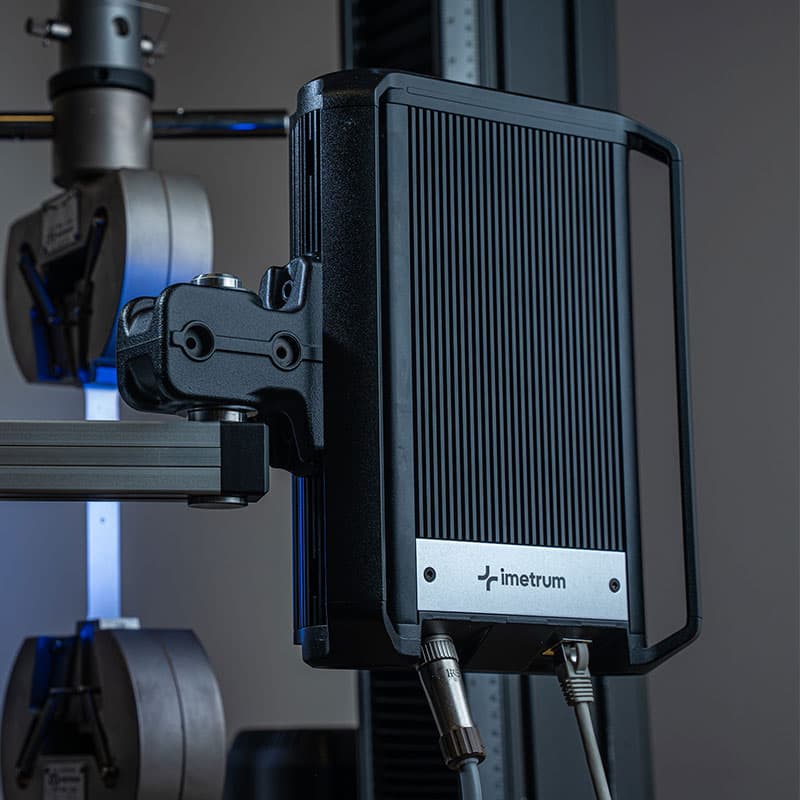 Side view of an Imetrum device near a tensile testing machine, with metallic grips holding a sample.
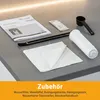An overhead shot of coffee machine accessories laid out on a gray countertop. Produktbild-Vorschau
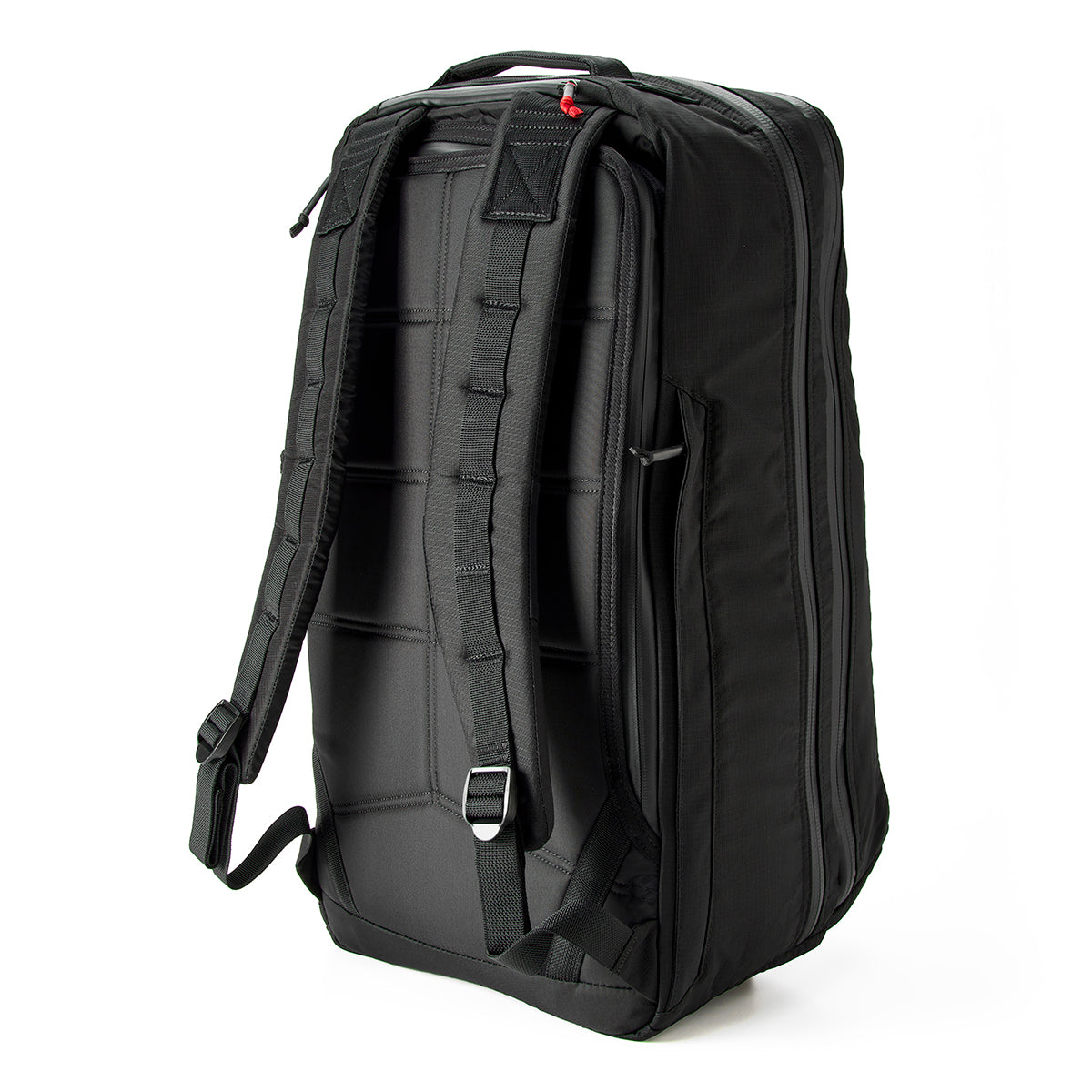 The GR2 - Ripstop ROBIC® - Michael Easter black backpack, crafted from durable 420D ROBIC Ripstop Nylon, stands upright with its padded back and adjustable shoulder straps.
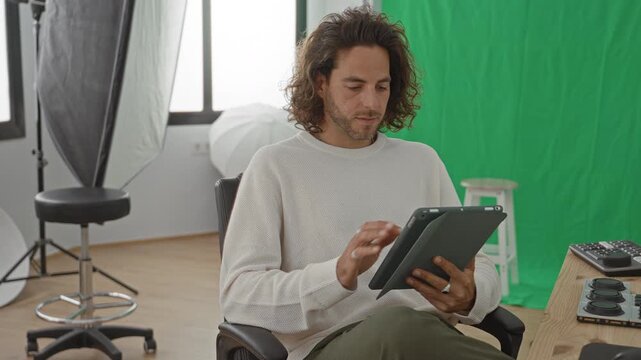 Man photographer taps tablet with hands in studio green screen and softbox visible; focused creativity.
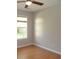 A light-filled bedroom featuring hardwood floors, a ceiling fan, and a window overlooking the yard at 108 Pickerel Blvd., Longs, SC 29568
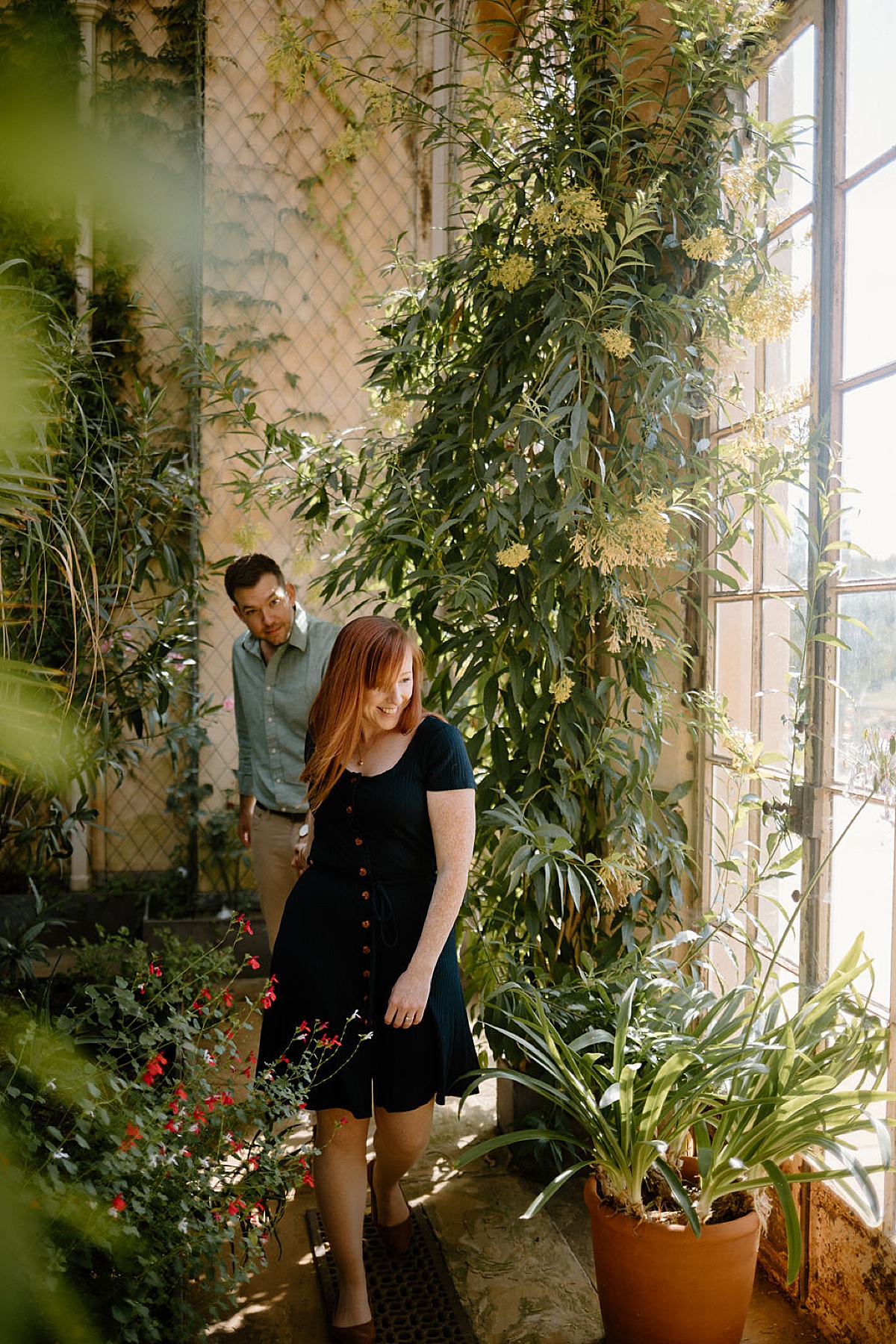 couple in casual daywear explore old greenhouse during Wrest Park Engagement session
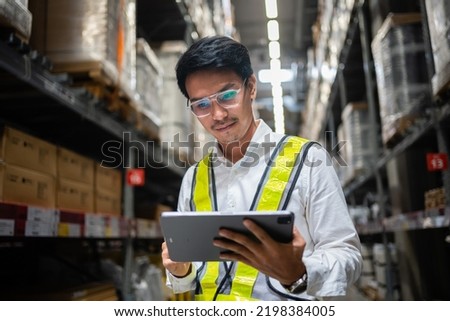 A male worker working in a warehouse uses a digital tablet to inspect the goods on the shelves to manage the products in the warehouse. Logistics business planning concept. Industrial concept. 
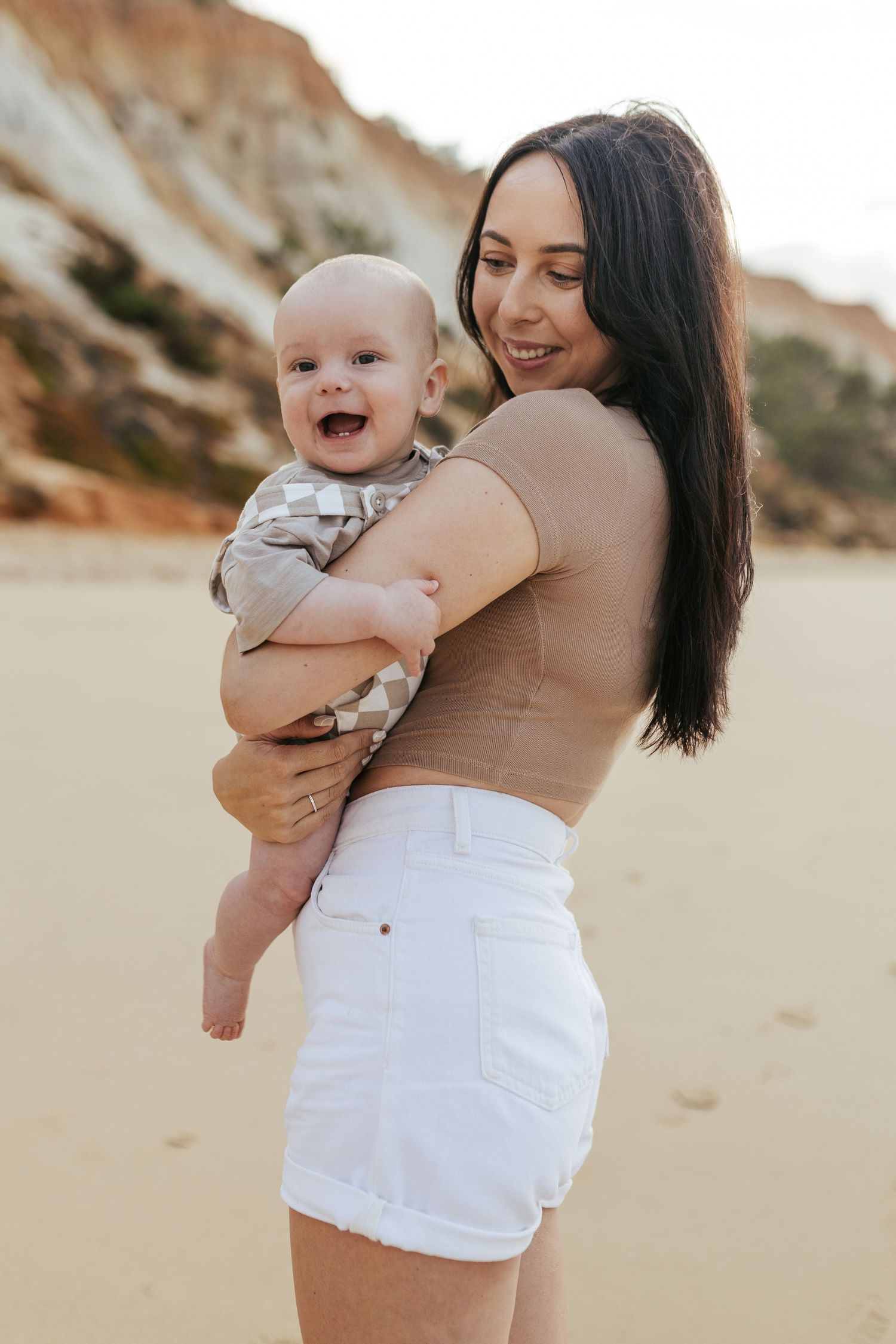 Parent in brown top and white shorts holds laughing baby on sunny beach with orange cliffs behind them.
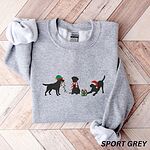 Sport Grey crewneck sweatshirt laid flat on a chevron wood floor, embroidered with three black Labradors, one in an elf hat carrying Christmas lights, one in a candy-cane scarf and one in a Santa hat pawing a gift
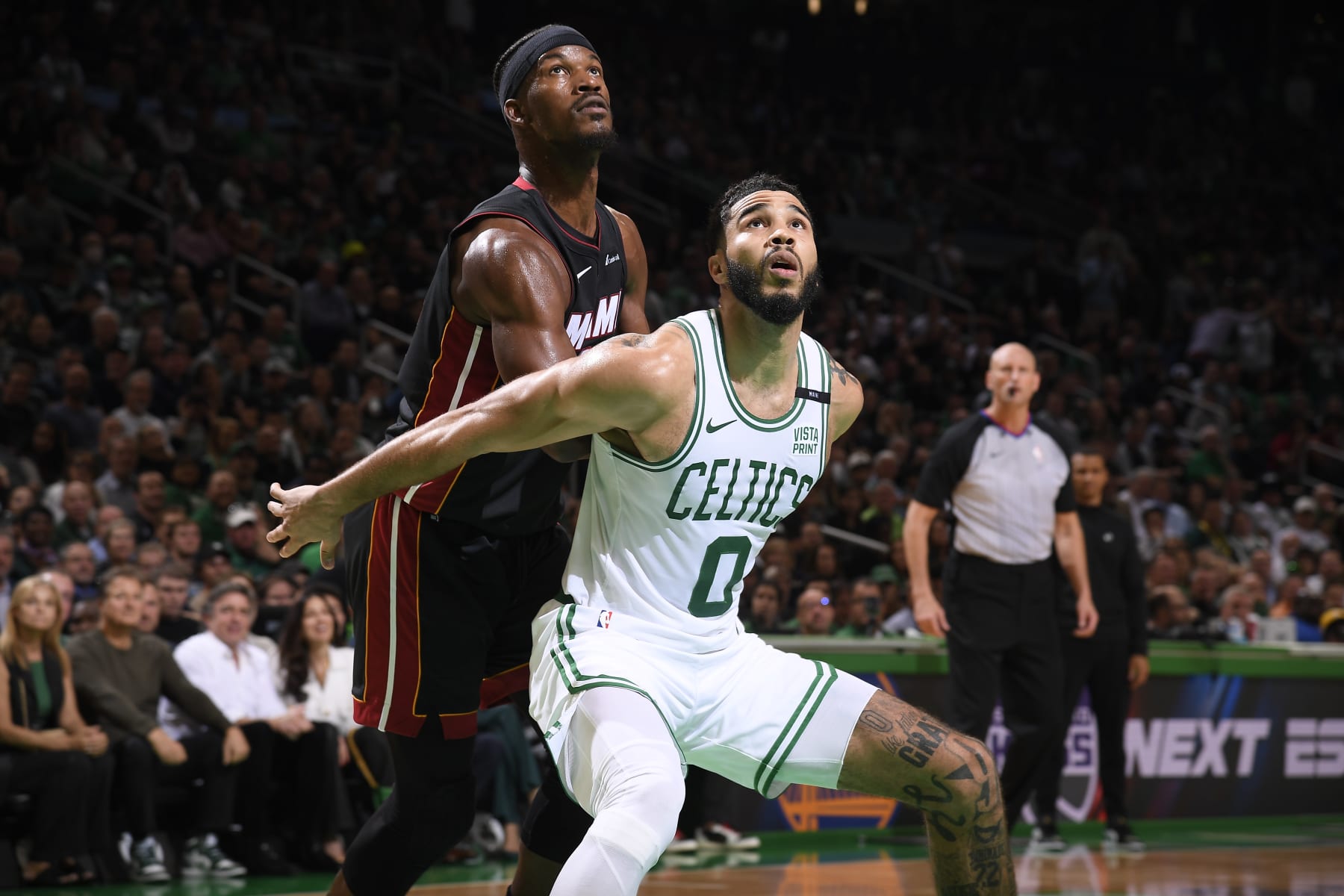 BOSTON, MA - OCTOBER 27: Jayson Tatum #0 of the Boston Celtics and Jimmy Butler #22 of the Miami Heat wait for the rebound during the game on October 27, 2023 at the TD Garden in Boston, Massachusetts. NOTE TO USER: User expressly acknowledges and agrees that, by downloading and or using this photograph, User is consenting to the terms and conditions of the Getty Images License Agreement. Mandatory Copyright Notice: Copyright 2023 NBAE  (Photo by Brian Babineau/NBAE via Getty Images)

------------------------

▶ [What the task asks] Return, exactly as they stand, the lines from the opening line of the listing through the line with "A light-filled bedroom", both ends counted, and no pictures.

▶ [Written answer]
 Side view of an Imetrum device near a tensile testing machine, with metallic grips holding a sample.
An overhead shot of coffee machine accessories laid out on a gray countertop. Produktbild-Vorschau
 The GR2 - Ripstop ROBIC® - Michael Easter black backpack, crafted from durable 420D ROBIC Ripstop Nylon, stands upright with its padded back and adjustable shoulder straps.
 Man photographer taps tablet with hands in studio green screen and softbox visible; focused creativity.
 A light-filled bedroom featuring hardwood floors, a ceiling fan, and a window overlooking the yard at 108 Pickerel Blvd., Longs, SC 29568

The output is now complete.